Starring Jean Rochefort, Johnny Hallyday, Isabelle Petit-Jacques.
Produced France 2002. French with English subtitles.
Certificate (12A)
Running time 90 mins.
Bringing together two of France’s best known performers, veterans Jean Rochefort (whose familiar hang dog features were last seen in LOST IN LA MANCHA) and pop icon Johnny Hallyday, L’HOMME DU TRAIN offers further confirmation of Leconte’s (MONSIEUR HIRE, RIDICULE, THE WIDOW OF SAINT PIERRE) versatility as a director. Rochefort plays Monsieur Manesquier, a retired school teacher who has lived all his life in a small provincial town, now rattling around home alone in the rambling family pile. His life is comfortable but routine in the extreme, even in the smallest detail. Hallyday is Milan, an ageing criminal who arrives in town to case out the bank, and who by dint of circumstance winds up staying as Manesquier’s reluctant house guest.

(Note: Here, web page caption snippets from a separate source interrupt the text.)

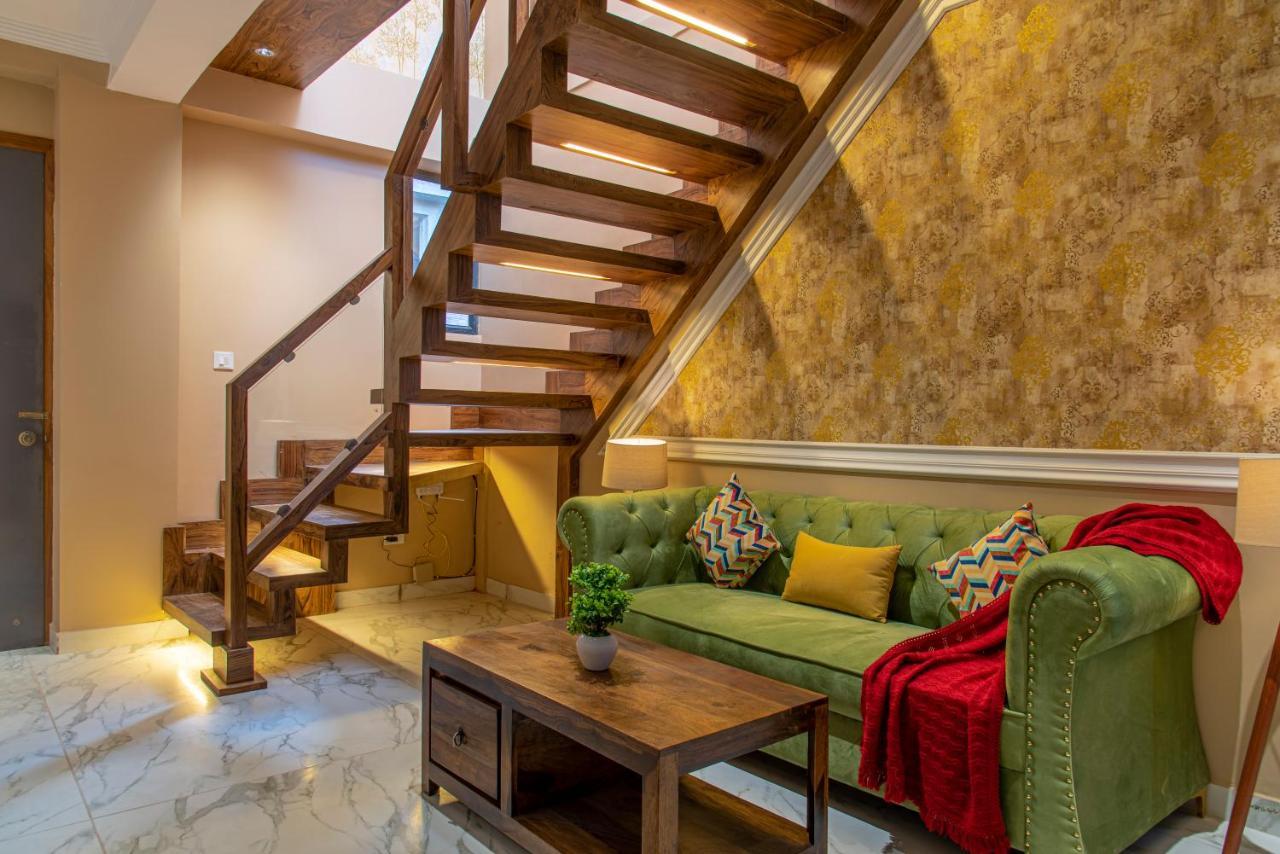 Hillcrest Heights Bed and Breakfast Kasauli Buitenkant foto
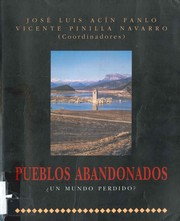 Cover of: Pueblos abandonados: un mundo perdido?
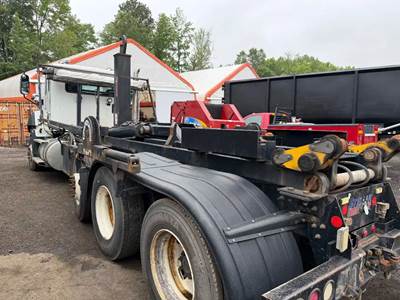 Stellar 18' Hydraulic Hook Lift with Pioneer RP4500 Tarp System, Part # 34144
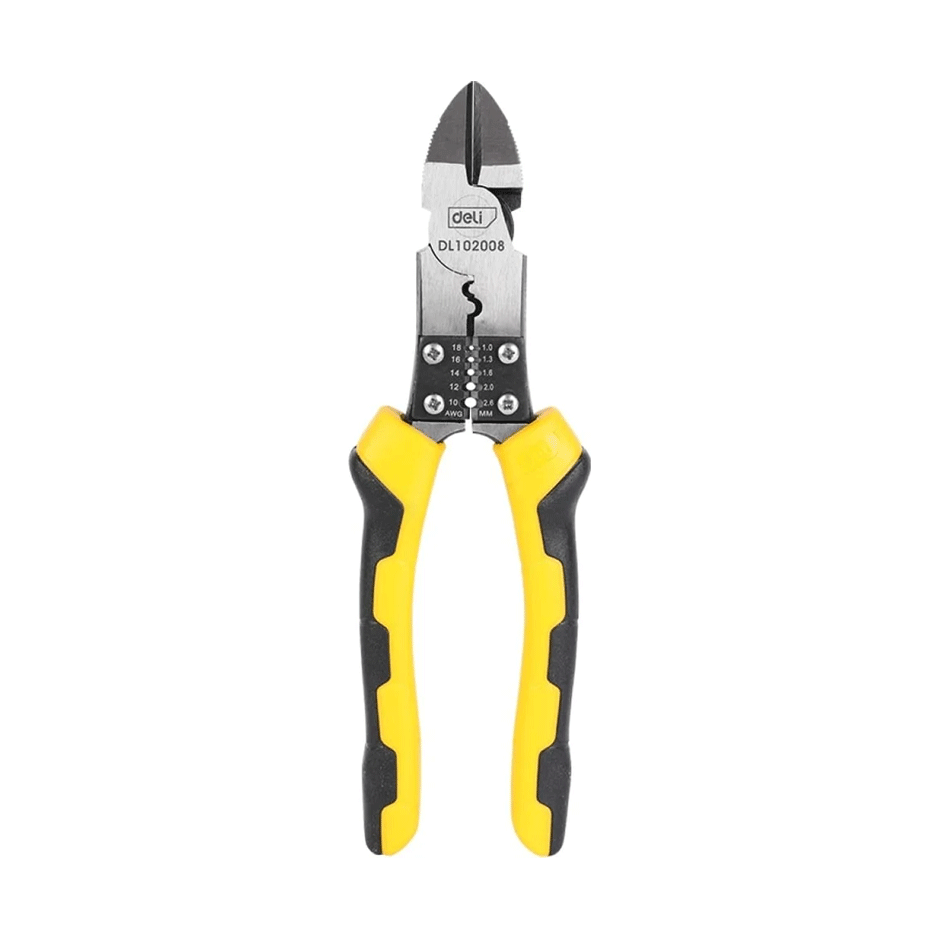 Deli EDL100008-102008 Multifunctional Pliers | Deli by KHM Megatools Corp.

The two could not be less alike, but as erudite, charming host and taciturn tough guy rub along together. Delightfully wistful in tone, the chemistry between Rochefort and Hallyday is pleasurably palpable.
LILYA 4-EVER
Directed by Lukas Moodysson.
Starring Oksana Akinshina, Artiom Bogucharskij, Elina Benenson.
Produced Sweden 2002.
Certificate (18)
Running time 109 mins.
The winner of five major prizes at Sweden’s 38th Guldbagge Awards (including Best Director and Best Actress for Russian born Oksana Akinshina), Moodysson’s (SHOW ME LOVE) follow up to the sublime TOGETHER is a harrowing and sobering work about adults’ neglect and abuse of young people. Lilya (Akinshina) is 16 and lives in a dismal suburb in a nameless town in the former Soviet Union. Abandoned by her mother and bullied by a wicked aunt, her only comfort comes from Volodya (Bogucharskij), a good-hearted younger boy who she befriends. Hope arrives when Lilya meets and falls in love with Andrei (Ponomaryov), who asks her to move to Sweden with him and begin a new life. Full of anticipation she boards the plane, unaware that her dreams are about to turn into nightmares. A brave and compelling move after the feel-good TOGETHER, the film confirms Moodysson as one of Sweden’s most accomplished, daring and insightful directors.